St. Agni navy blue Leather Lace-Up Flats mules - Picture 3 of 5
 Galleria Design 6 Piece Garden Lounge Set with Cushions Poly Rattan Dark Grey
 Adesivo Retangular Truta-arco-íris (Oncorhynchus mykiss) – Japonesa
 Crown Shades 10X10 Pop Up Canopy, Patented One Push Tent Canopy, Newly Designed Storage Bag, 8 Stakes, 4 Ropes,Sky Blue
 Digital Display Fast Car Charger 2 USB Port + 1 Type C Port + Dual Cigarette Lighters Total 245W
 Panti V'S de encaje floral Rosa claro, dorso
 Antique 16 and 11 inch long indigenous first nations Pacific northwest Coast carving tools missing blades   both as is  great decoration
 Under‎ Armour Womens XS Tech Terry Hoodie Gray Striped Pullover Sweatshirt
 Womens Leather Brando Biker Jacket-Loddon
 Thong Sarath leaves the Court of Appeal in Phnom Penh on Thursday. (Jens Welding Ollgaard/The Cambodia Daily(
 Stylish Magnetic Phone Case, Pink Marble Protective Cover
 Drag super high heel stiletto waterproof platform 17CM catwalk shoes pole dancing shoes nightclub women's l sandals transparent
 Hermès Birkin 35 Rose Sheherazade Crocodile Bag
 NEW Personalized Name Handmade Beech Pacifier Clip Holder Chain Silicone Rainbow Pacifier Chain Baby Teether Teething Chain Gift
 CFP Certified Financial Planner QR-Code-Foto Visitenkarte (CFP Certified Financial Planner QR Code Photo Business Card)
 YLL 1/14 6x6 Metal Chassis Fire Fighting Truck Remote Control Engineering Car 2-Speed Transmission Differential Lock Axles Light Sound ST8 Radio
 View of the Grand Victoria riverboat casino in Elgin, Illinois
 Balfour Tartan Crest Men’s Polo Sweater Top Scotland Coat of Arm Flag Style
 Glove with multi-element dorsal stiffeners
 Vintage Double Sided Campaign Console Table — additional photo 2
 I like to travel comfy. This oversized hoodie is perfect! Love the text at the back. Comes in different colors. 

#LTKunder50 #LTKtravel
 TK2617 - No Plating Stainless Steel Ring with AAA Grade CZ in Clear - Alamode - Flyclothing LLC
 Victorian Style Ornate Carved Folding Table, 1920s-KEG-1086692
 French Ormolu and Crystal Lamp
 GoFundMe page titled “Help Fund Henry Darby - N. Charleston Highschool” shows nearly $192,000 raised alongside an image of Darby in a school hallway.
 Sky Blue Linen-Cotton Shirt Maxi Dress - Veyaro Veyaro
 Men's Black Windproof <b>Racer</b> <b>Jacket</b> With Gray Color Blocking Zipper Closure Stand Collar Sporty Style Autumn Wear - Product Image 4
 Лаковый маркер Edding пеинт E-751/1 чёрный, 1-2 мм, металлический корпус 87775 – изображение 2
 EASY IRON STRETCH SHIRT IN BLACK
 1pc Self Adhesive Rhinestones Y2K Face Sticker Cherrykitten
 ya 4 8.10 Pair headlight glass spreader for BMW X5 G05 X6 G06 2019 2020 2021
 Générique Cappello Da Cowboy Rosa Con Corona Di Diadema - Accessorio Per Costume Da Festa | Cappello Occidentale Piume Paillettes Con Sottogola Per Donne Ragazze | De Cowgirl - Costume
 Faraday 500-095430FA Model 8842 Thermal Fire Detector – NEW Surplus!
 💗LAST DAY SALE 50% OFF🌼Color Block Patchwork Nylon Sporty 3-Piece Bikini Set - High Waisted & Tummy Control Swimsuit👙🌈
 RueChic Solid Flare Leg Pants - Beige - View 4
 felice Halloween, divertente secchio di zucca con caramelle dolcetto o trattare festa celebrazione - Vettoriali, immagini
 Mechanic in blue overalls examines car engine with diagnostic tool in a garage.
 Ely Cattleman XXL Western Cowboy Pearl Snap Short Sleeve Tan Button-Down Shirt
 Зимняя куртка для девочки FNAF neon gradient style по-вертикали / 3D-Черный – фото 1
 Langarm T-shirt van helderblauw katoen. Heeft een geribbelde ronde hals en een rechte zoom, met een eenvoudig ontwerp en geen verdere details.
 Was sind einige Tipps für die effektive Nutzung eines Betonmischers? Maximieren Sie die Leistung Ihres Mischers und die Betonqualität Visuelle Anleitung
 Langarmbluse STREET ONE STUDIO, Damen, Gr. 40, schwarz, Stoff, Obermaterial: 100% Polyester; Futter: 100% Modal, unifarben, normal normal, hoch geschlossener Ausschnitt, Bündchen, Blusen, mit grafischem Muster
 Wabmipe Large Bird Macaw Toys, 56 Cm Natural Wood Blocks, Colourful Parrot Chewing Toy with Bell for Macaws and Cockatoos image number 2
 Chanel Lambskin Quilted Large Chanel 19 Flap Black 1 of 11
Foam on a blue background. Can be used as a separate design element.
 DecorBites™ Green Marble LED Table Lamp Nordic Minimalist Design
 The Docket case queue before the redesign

**********

■ **PROBLEM STATEMENT**: Write out exactly the lines above from the line with "Panti V'S de encaje floral Rosa claro, dorso" through the line with "#LTKunder50 #LTKtravel", both of them included, and leave out all other lines.

■ **TASK OUTPUT**:
 Panti V'S de encaje floral Rosa claro, dorso
 Antique 16 and 11 inch long indigenous first nations Pacific northwest Coast carving tools missing blades   both as is  great decoration
 Under‎ Armour Womens XS Tech Terry Hoodie Gray Striped Pullover Sweatshirt
 Womens Leather Brando Biker Jacket-Loddon
 Thong Sarath leaves the Court of Appeal in Phnom Penh on Thursday. (Jens Welding Ollgaard/The Cambodia Daily(
 Stylish Magnetic Phone Case, Pink Marble Protective Cover
 Drag super high heel stiletto waterproof platform 17CM catwalk shoes pole dancing shoes nightclub women's l sandals transparent
 Hermès Birkin 35 Rose Sheherazade Crocodile Bag
 NEW Personalized Name Handmade Beech Pacifier Clip Holder Chain Silicone Rainbow Pacifier Chain Baby Teether Teething Chain Gift
 CFP Certified Financial Planner QR-Code-Foto Visitenkarte (CFP Certified Financial Planner QR Code Photo Business Card)
 YLL 1/14 6x6 Metal Chassis Fire Fighting Truck Remote Control Engineering Car 2-Speed Transmission Differential Lock Axles Light Sound ST8 Radio
 View of the Grand Victoria riverboat casino in Elgin, Illinois
 Balfour Tartan Crest Men’s Polo Sweater Top Scotland Coat of Arm Flag Style
 Glove with multi-element dorsal stiffeners
 Vintage Double Sided Campaign Console Table — additional photo 2
 I like to travel comfy. This oversized hoodie is perfect! Love the text at the back. Comes in different colors. 

#LTKunder50 #LTKtravel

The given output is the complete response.